> Required action
Repeat the records below word for word, but start at the line that contains "203 BARN HILL RD, West Chester, PA 19382", stop after the last line, and include nothing else.

Crawled caption data:
====================

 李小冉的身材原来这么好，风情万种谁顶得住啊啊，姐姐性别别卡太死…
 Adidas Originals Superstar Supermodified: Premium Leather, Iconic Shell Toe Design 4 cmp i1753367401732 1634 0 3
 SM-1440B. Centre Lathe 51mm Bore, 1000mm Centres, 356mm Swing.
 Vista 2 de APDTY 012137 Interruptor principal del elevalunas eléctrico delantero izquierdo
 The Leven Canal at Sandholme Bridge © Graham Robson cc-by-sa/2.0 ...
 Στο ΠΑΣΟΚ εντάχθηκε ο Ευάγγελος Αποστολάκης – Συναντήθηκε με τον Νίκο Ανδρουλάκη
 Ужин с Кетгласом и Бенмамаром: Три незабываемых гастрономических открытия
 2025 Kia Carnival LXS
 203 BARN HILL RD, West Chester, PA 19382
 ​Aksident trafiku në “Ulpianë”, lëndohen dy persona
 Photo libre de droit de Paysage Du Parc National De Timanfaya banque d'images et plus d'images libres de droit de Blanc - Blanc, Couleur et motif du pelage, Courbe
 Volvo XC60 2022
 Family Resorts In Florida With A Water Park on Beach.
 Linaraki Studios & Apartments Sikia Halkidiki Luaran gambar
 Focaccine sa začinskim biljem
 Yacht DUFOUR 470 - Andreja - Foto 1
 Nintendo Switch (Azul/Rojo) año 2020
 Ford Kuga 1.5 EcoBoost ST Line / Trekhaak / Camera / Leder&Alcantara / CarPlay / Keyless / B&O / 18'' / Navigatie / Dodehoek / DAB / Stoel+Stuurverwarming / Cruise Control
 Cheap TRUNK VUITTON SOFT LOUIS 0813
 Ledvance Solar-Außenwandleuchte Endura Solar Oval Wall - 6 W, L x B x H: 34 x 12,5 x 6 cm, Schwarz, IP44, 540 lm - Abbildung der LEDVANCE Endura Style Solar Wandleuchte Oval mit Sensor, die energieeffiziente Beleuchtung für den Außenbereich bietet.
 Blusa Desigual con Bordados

====================

> Response to this exercise
 203 BARN HILL RD, West Chester, PA 19382
 ​Aksident trafiku në “Ulpianë”, lëndohen dy persona
 Photo libre de droit de Paysage Du Parc National De Timanfaya banque d'images et plus d'images libres de droit de Blanc - Blanc, Couleur et motif du pelage, Courbe
 Volvo XC60 2022
 Family Resorts In Florida With A Water Park on Beach.
 Linaraki Studios & Apartments Sikia Halkidiki Luaran gambar
 Focaccine sa začinskim biljem
 Yacht DUFOUR 470 - Andreja - Foto 1
 Nintendo Switch (Azul/Rojo) año 2020
 Ford Kuga 1.5 EcoBoost ST Line / Trekhaak / Camera / Leder&Alcantara / CarPlay / Keyless / B&O / 18'' / Navigatie / Dodehoek / DAB / Stoel+Stuurverwarming / Cruise Control
 Cheap TRUNK VUITTON SOFT LOUIS 0813
 Ledvance Solar-Außenwandleuchte Endura Solar Oval Wall - 6 W, L x B x H: 34 x 12,5 x 6 cm, Schwarz, IP44, 540 lm - Abbildung der LEDVANCE Endura Style Solar Wandleuchte Oval mit Sensor, die energieeffiziente Beleuchtung für den Außenbereich bietet.
 Blusa Desigual con Bordados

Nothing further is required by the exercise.